# Who's heard my stuff, or seen me around?



## Baddwill (Jul 7, 2008)

Just wanna know if you heard some of my stuff, If you hate it, like it, I can take criticism, I like hearing everything about my music, I swear


----------



## nobuyuki (Jul 16, 2008)

I heard some of it a while back,  iirc most of it sounded heavily sampled.  I forget, are you a turntablist or something like that?  The music sounded very experimental


----------



## Baddwill (Jul 16, 2008)

nobuyuki said:


> I heard some of it a while back, iirc most of it sounded heavily sampled. I forget, are you a turntablist or something like that? The music sounded very experimental


 
I'm not a turntablist, I only sample from records and chopp them up, But I sure wish I was a turntablist! I mostly make Hip Hop beats, but yeah I like to experiment sometimes.

Thanks for replying!


----------



## rocrocroc (Jul 17, 2008)

Yeah I've heard of BaddWill. Killed 3 guys in self-defense and drops mad beats.

Crazy mothafucka!


----------



## Ak-Nolij (Jul 18, 2008)

WWWIIIIIIILLLLLLLL! Haven't seen you for a minute. How's things???


----------



## kalibration ltd (Jul 18, 2008)

Not my kinda music, but damn if you're not amazing at it!
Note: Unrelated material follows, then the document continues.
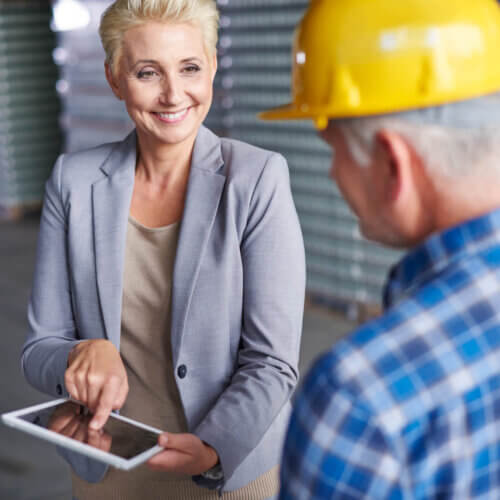 Zalety outsourcingu usług BHP dla średnich firm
I can appreciate stuff even that I'm not really into, and you got talent for sure.


----------



## Baddwill (Jul 18, 2008)

yeauhhhhhhhh Lol!!


----------



## Baddwill (Jul 18, 2008)

kalibration ltd said:


> Not my kinda music, but damn if you're not amazing at it!
> 
> I can appreciate stuff even that I'm not really into, and you got talent for sure.


 
Thank you!, Maybe I can incorperate  something you like into my composissions  but just the fact that you appreciate and see the work put into it even though it's not the type of music you like,It gives me a good sign of how people are gonna react to my music.


----------



## Baddwill (Jul 18, 2008)

Ak-Nolij said:


> WWWIIIIIIILLLLLLLL! Haven't seen you for a minute. How's things???


 
Been great! Just got home from diggin' at the record shop!!, Working on beats and thinking of a master plan! 

What's good with you fam? Working on the beats and artwork?


----------